--- Task to carry out ---
All lines in the records below with the word "Report" must be returned.

═══ Supplied material

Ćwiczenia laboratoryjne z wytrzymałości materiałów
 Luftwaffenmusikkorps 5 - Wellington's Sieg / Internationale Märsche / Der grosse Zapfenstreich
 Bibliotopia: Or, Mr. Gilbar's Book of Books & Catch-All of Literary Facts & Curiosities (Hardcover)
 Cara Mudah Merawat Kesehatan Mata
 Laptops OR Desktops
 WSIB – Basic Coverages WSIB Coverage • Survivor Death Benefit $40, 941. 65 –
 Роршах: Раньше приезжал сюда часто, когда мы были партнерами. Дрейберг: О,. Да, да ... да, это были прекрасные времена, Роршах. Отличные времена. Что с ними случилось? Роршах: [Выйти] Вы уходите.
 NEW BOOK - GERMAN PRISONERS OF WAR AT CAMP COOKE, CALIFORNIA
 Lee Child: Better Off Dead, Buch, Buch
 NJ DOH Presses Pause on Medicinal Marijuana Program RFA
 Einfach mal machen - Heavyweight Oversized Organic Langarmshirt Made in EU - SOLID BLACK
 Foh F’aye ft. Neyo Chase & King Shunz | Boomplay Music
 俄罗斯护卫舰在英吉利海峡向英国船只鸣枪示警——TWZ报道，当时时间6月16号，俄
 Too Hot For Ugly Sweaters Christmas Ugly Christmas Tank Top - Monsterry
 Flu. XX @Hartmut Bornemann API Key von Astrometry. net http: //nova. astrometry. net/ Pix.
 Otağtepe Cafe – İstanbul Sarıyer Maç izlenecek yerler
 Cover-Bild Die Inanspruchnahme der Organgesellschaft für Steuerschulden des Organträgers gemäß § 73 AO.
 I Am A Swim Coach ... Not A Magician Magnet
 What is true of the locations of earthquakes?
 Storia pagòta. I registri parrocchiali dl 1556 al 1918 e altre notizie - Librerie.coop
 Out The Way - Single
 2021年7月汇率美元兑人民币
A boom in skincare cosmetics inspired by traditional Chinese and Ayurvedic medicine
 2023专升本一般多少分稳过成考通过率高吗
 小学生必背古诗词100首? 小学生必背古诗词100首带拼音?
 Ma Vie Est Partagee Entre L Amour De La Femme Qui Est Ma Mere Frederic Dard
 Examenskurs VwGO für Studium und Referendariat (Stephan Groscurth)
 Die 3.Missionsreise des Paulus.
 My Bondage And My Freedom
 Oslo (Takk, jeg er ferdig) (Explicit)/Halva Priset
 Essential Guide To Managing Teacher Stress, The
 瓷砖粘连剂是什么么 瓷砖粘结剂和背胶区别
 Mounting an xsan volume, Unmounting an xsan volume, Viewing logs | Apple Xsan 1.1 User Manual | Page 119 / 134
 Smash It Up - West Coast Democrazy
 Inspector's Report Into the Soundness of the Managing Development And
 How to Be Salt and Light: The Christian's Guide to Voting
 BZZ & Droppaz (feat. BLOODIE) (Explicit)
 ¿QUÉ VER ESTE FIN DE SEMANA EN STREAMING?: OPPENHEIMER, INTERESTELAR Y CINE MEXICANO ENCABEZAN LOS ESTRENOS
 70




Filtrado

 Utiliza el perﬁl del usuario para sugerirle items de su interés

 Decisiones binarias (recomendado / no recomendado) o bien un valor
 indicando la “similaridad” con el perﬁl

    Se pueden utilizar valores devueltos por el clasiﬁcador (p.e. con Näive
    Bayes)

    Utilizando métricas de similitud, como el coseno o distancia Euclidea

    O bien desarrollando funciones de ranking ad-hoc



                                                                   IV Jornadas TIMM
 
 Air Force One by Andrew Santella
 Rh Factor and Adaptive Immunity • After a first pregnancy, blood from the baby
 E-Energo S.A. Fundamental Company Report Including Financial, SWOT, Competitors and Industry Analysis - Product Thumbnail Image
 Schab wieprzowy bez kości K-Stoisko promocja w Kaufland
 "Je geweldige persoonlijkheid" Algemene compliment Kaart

══════

--- Response below ---
 Inspector's Report Into the Soundness of the Managing Development And
 E-Energo S.A. Fundamental Company Report Including Financial, SWOT, Competitors and Industry Analysis - Product Thumbnail Image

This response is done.